Step 2. Set the volume of a deal. Now you need to set the volume of your deal. Your potential profit or risks are dependent on it. The more the volume is the more money you can earn or lose after the rate changes. In the beginning we recommend not to trade with big volumes. Step 3. Set the desired volume of profit. Now you have to choose the profit you expect for your deal. As soon as profit for the chosen deal reaches the value you set it will be automatically closed and money transferred to your deposit. Step 4. Set the limits of possible losses. Now you have to choose the limits for your losses. The maximum value is limited by the sum of your deposit. It can be a good idea to limit possible losses with sum smaller than that on your deposit, so in case your forecasts were wrong and you bare losses, you’ll be able to keep on trading. Step 5. Price request and completion of a deal. On the last step you have to check through all your previously set parameters of your future operation (currency pair, volume of a deal, profit and loss limits). If you want to make changes, get back and edit your data. The given price is available for a short period of time. In order to make a deal at the given price you have to click the button with price. If you were not in time for that request the price again and you’ll see the actual cost of your deal.
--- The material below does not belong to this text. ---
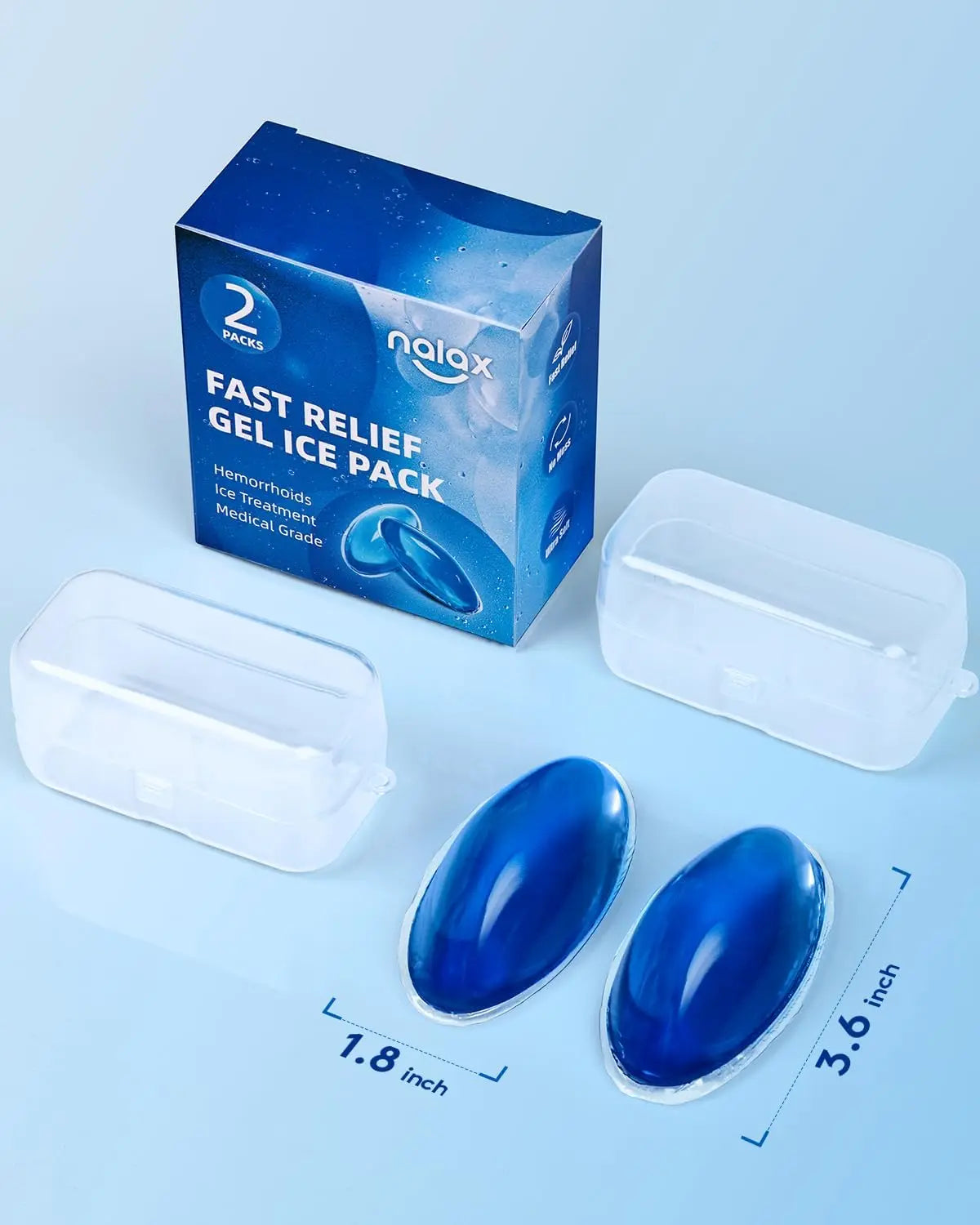 nalax Hemorrhoid Treatment Ice Pack for Fast Relief, FSA-HSA Eligible Cooling Gel Pads, Ultra-Soft, No Mess, Home Use for Hemorrhoid Sufferers & New Moms with Hemorrhoids, Includes 2 Storage Cases nalax uk supplements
Step 6. Receiving confirmation. As soon as your request is sent to our server all its parameters checked and the deal is registered. You will receive a confirmation about it. Now you can see your deal in list or on a diagram of a currency pair chosen. By the way, you can create many trading deals for different currency pairs. Step 7. How to close a deal and withdraw the money. The current result is displayed for every deal. It doesn’t affect your actual deposit until you close it. It changes according to the change of the rate for the chosen currency pair. In order to fix the result of a deal you should close it.